Load the data

Read both California energy datasets. Make sure the datetime variable is in an appropriate data type (i.e. not character).

Merge and reshape the data

Merge the two datasets and then melt the resulting dataframe/datatable to make it tidy.

Creating new variables

Create a series of new variables:

  1. day, which is the year-month-day, without the hour. The lubridate function as_date will do this.
  2. log_output, which is the natural log of the output.
  3. Challenge: per_output, which is the percent of daily output represented by each observation. You will need to use group_by and to create a new variable with the total output for the day. (Make sure to use ungroup() after this!)

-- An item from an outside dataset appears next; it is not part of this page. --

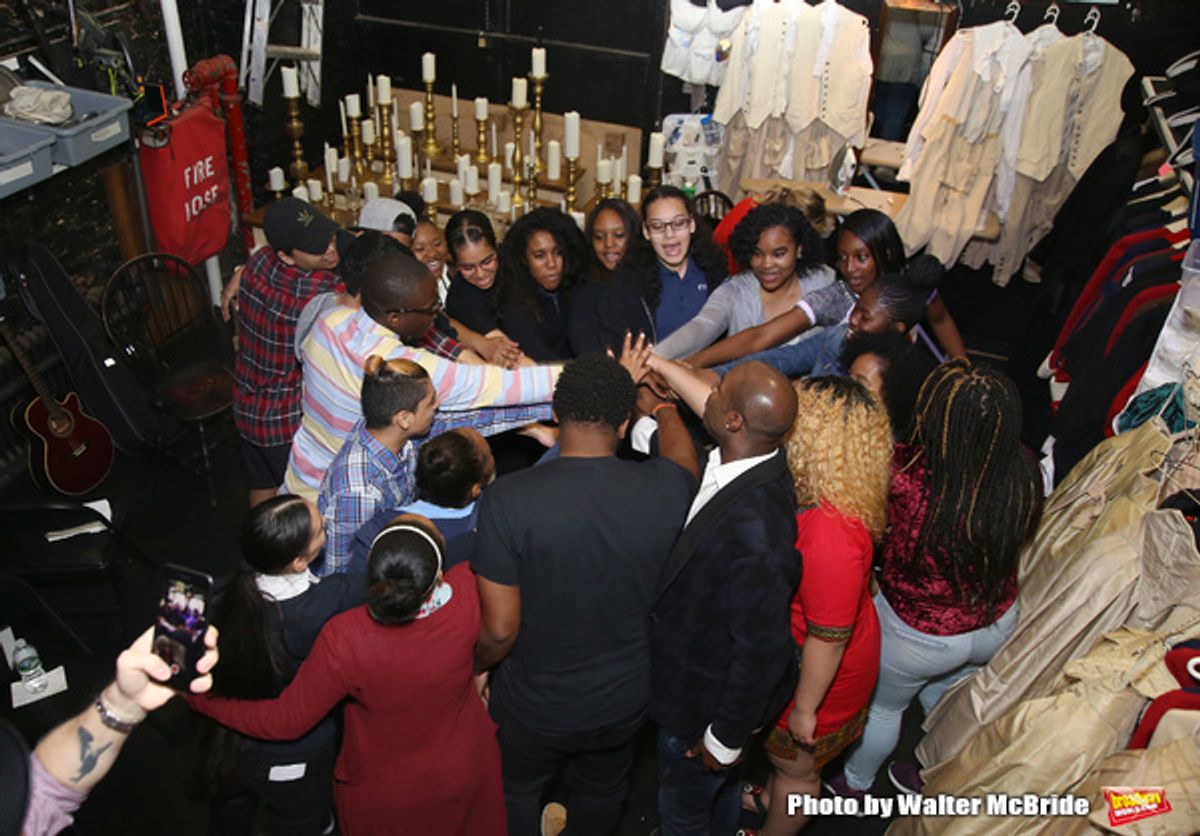 Justin Dine Bryant with High School Student performers at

Bonus: If you are using dplyr, try to do this all in one pipe!

Summarizing and analyzing data

  1. Which source has the greatest mean output by hour? (Hint: Use the dplyr verb arrange(desc(variable)) to order the data frame so that the largest value of variable is first. Don’t use desc and it arranges in ascending order. The data.table function is setorder.) Which has the least?
  2. Which source has the greatest mean output by day? Which has the least? (Do not include zero values.)
  3. Which sources has the greatest variance in usage over the course of a dataset? Which has the least? (Do not include zero values.)

Analyzing renewable versus non-renewable energy sources

The dataset regroup.csv has information about which sources are considered renewable by the state of California. Use this dataset, along with yourdata manipulation skills, to explore the use of renewable and non-renewable sources. Annotate what your descisions for the analysis.

Hint: Use your merge skills to merge the CA energy data with the regroup data. Which variable should you join by?